Óbidos: uma cidadezinha inteira cercada por uma muralha é agora cenário de feiras literárias em Portugal |
Ruela de Óbidos: lojas, albergues, bebida típica e livros por toda parte |
Nada é tão mais lindamente lusitano do que a minúscula Óbidos, A vila, localizada a 80 km ao norte de Lisboa, é uma pérola desde os tempos medievais. Estive lá em férias, em setembro de 1993, quando descobri o porquê não deveria ter demorado tanto a visitar a terrinha original, da qual herdo a maior parte do sangue que corre em minhas veias. Recordo que saí bem cedo para pegar o trem para passar um dia no vilarejo. Cheguei à estação da capital portuguesa meio em cima da hora, na correria e perguntei: "Onde pego o trem para Óbidos?" O segurança olhou-me como se estivesse falando com um ET. Então, eu repeti: "Trem!". Como em toda estação europeia havia muita gente e pensei: "Estou frito, vou perder o trem e não terei tempo de conhecer Óbidos". Aí o segurança viu o meu bilhete e disparou, com o legítimo sotaque lisboeta: "O comboiosaidagare5", tudo coladinho, quase incompreensível, mas entendi.
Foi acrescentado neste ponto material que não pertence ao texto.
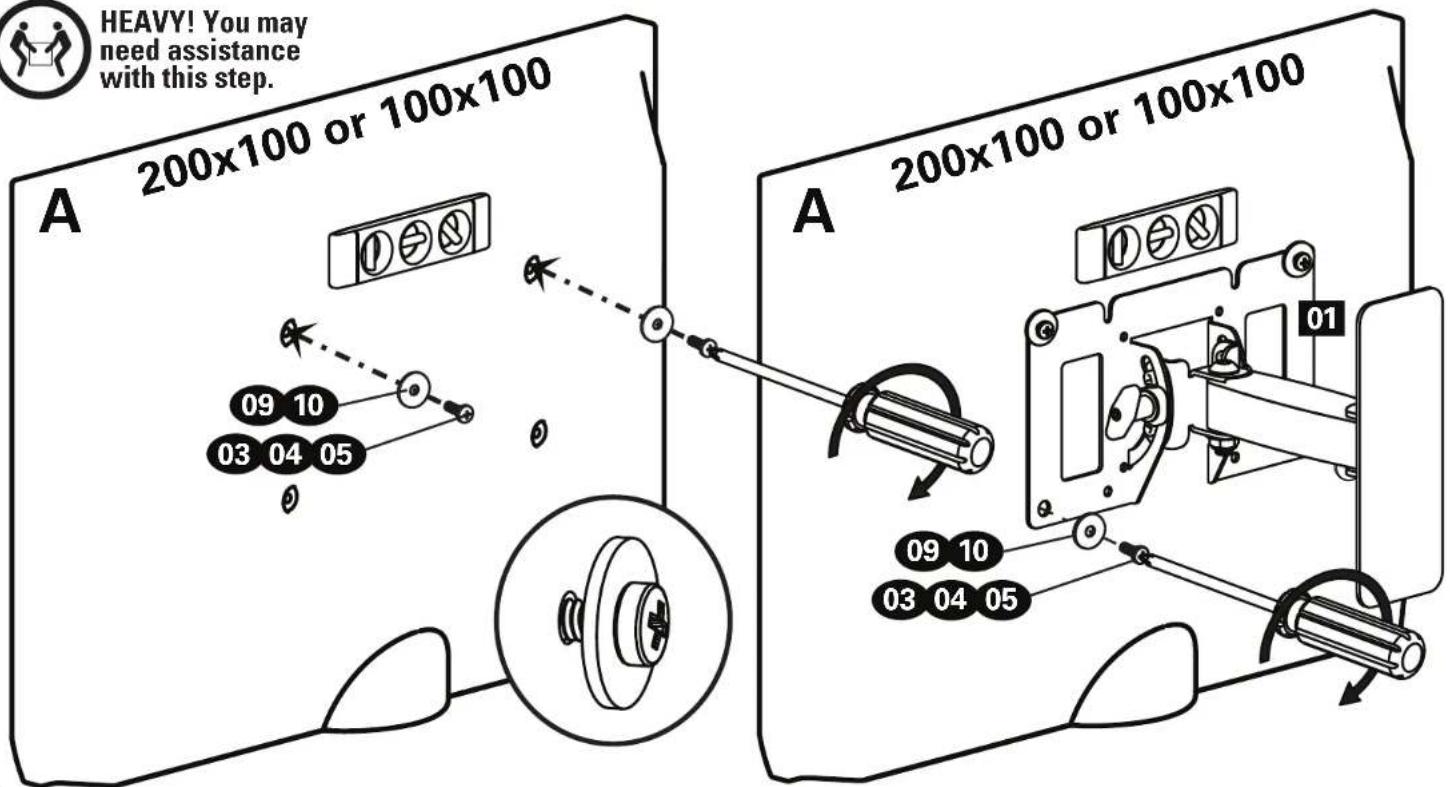 SANUS Classic MSF07c - STEP 2A - 2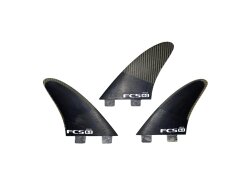 FCS  H-2  Glass Flex Tri Fin Set Black (M)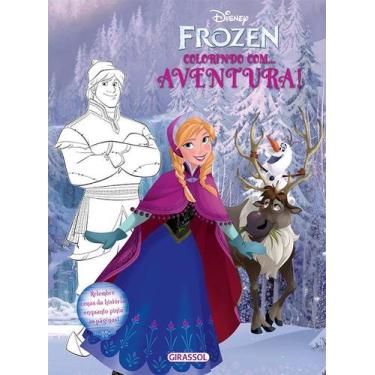 Imagem de Livro - Disney - Frozen - colorindo com - aventura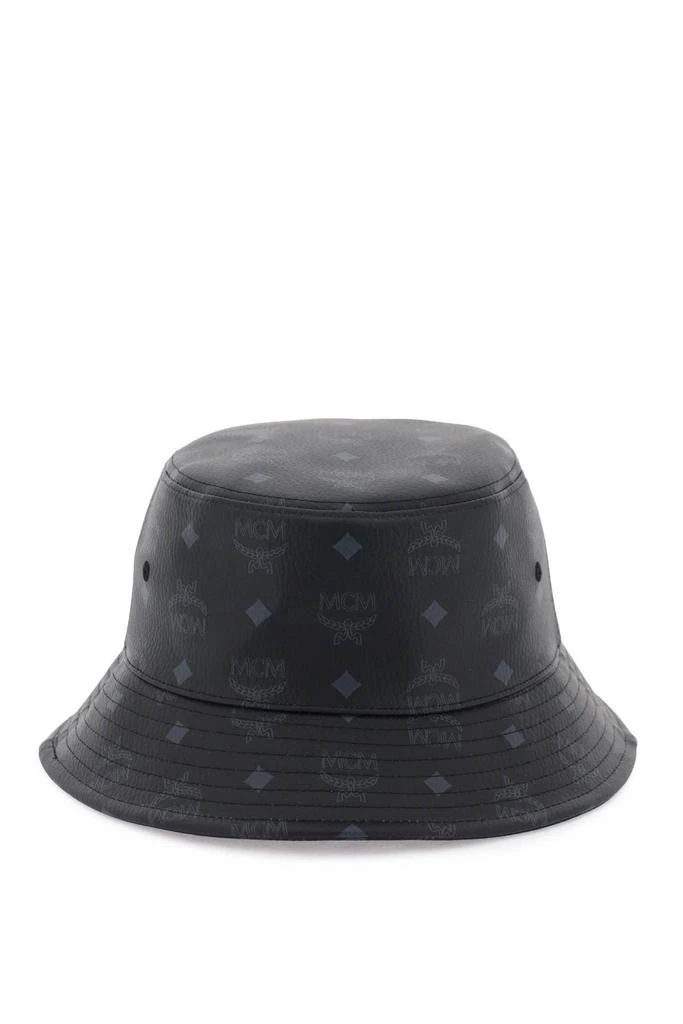 商品MCM|visetos bucket hat in faux leather,价格¥873,第1张图片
Ufa! Viajava sozinho e em Portugal não há trens, só comboios. Pelo menos, foi o que me pareceu. Cerca de 1h30min depois desembarquei, solitário, na estação de Óbidos, que fica fora da muralha. Dela, você pode avistar a cidadezinha no alto do único morro da região. É uma caminhada de até 15 minutos até a entrada da "cidadela" ou "cidade fortificada", o significado da palavra "óbidos", uma derivação do termo latino "opido".
A vila com cerca de 100 habitantes intramuros, mais 11 mil na área rural do município, sempre viveu do turismo, depois que entrou nos guias como uma das sete maravilhas de Portugal. Durante meu passeio de um dia, um bate-volta de Lisboa, registrei uma modelo sendo fotografada em preto e branco, como o figurino de roupas antigas, mais parecendo uma mulher "fadada" a chorar por seus amores nas ruelas e becos de seu coração. Dava até para imaginar a trilha sonora, um fado moderno, de Madredeus: "Ao largo ainda arde/ a barca da fantasia/ e o meu sonho acaba tarde/ acordar é que eu não queria". Aliás, para quem pretende conhecer essa jóia da Coroa Portuguesa [uma Ouro Preto no alto de um platô] deve experimentar a bebida típica do vilarejo, o licor de Ginja, que, diz a lenda, só não cura justamente corações partidos.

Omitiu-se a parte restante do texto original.